Return to lienholder. The court also may allow a lienholder to reclaim a motor vehicle seized for prearranged racing. The lienholder must file with the court an accounting of the proceeds of any subsequent sale of the vehicle and must pay to the county proceeds received in excess of the lien amount.
Sale. If the driver is convicted—and the motor vehicle has not been reclaimed by a lienholder or owner—the court must order the vehicle’s sale at auction. If the motor vehicle has been specially equipped or modified to increase its speed, the court must order that the special equipment or modification be removed and destroyed. If the equipment and modifications are so extensive that removal is impractical, the vehicle must be turned over to a governmental agency or public official for use in the performance of official duties.
Willful speed competitions
Prosecutions for willful racing far outnumber those for prearranged racing. In 2015, there were 422 charges for willful speed competitions and only 54 charges for prearranged speed competitions.
Only the driver may be prosecuted for this type of racing. A person who operates a motor vehicle on a street or highway willfully in speed competition with another motor vehicle commits a Class 2 misdemeanor. G.S. 20-141.3(b). To prove willfulness for purposes of a prosecution for a willful speed competition or a prearranged speed competition, the State must establish that the defendant purposely and deliberately engaged in a race with the other motor vehicle.
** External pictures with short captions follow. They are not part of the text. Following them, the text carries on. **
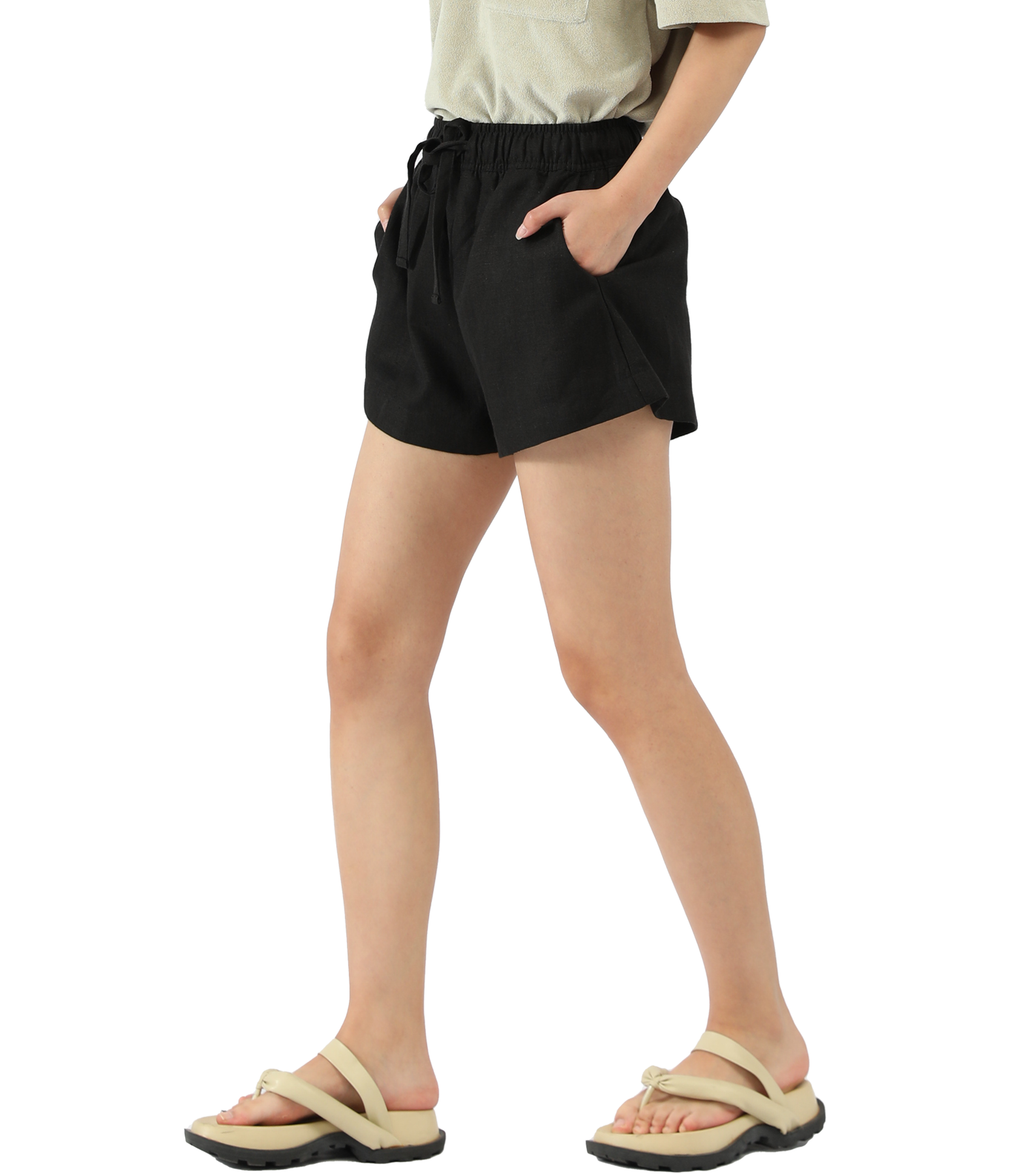 linen shorts for women #Black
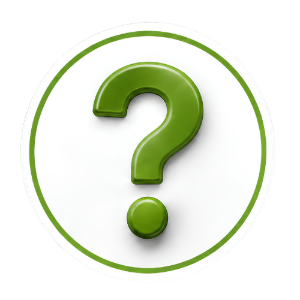 Green question mark inside a green circle on a white background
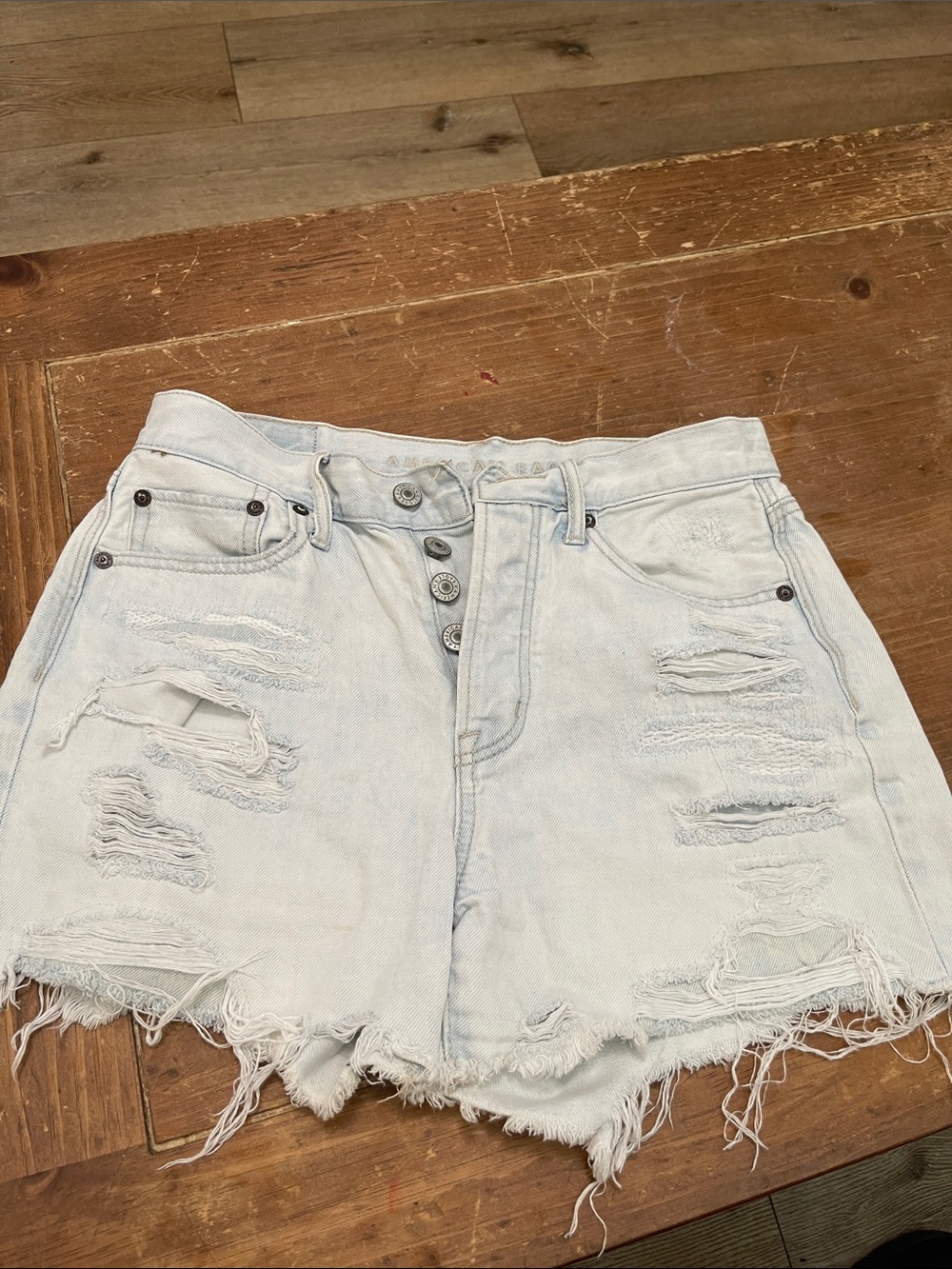 American Eagle Outfitters Light Blue Distressed Button-Front Jean Shorts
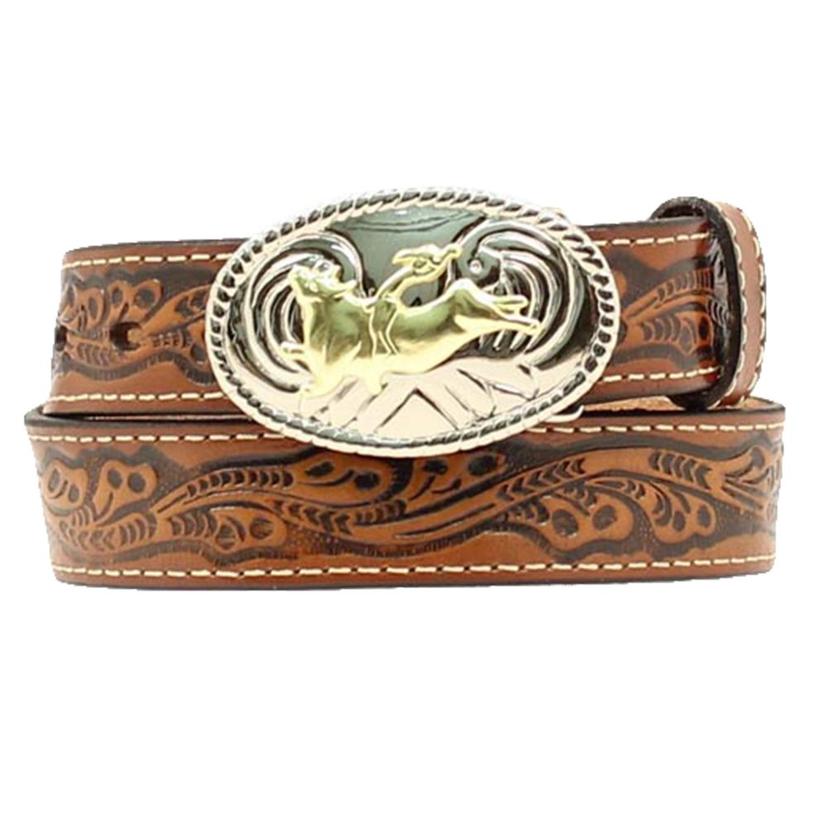 Nocona Belts Apparel Nocona Belts Tooled Boy's Belt with Silver Bull Rider Buckle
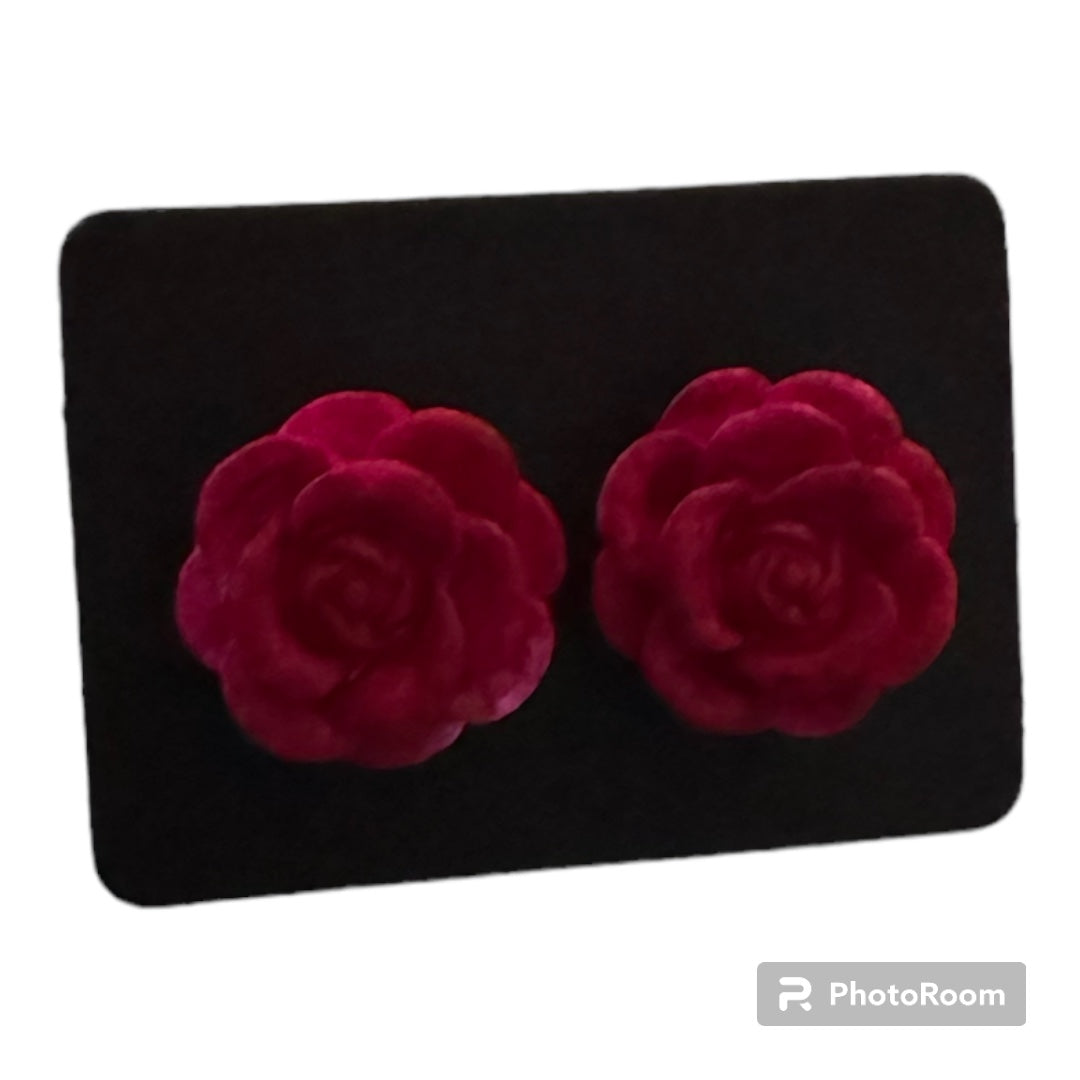 Red Flower earrings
Cf. Hord v. Atkinson, 68 N.C. App. 346, 350 (1984) (concluding that the driver’s statement that the car following them could not outrun his car did not establish his intent to willfully engage in a speed competition).
Discretionary license revocation. DMV may suspend the driver’s license of a person convicted of willful racing in violation of G.S. 20-141.3(b) for up to one year. G.S. 20-141.3(e).
No seizure. No statute authorizes the seizure of a motor vehicle solely on the grounds that it was used in willful racing in violation of G.S. 20-141.3(b).
What if someone is killed or seriously injured?
When a defendant’s unlawful speed competition proximately causes the death of another, the defendant may be prosecuted for involuntary manslaughter, or, in some circumstances, second degree murder. See State v. Brown, 182 N.C. App. 115, 116, 121 (2007) (upholding conviction for second degree murder arising from death caused in part by defendant’s willful speed competition); State v. Sawyer, 11 N.C. App. 81, 85 (1971) (finding sufficient evidence from which jury could conclude that defendant committed involuntary manslaughter by engaging in a willful speed competition and speeding which proximately caused the death of another). When unlawful racing proximately causes serious injury to another, the driver may be charged with assault with a deadly weapon inflicting serious injury. See Brown, 182 N.C. App. at 116, 121 (also upholding conviction for assault with a deadly weapon inflicting serious injury).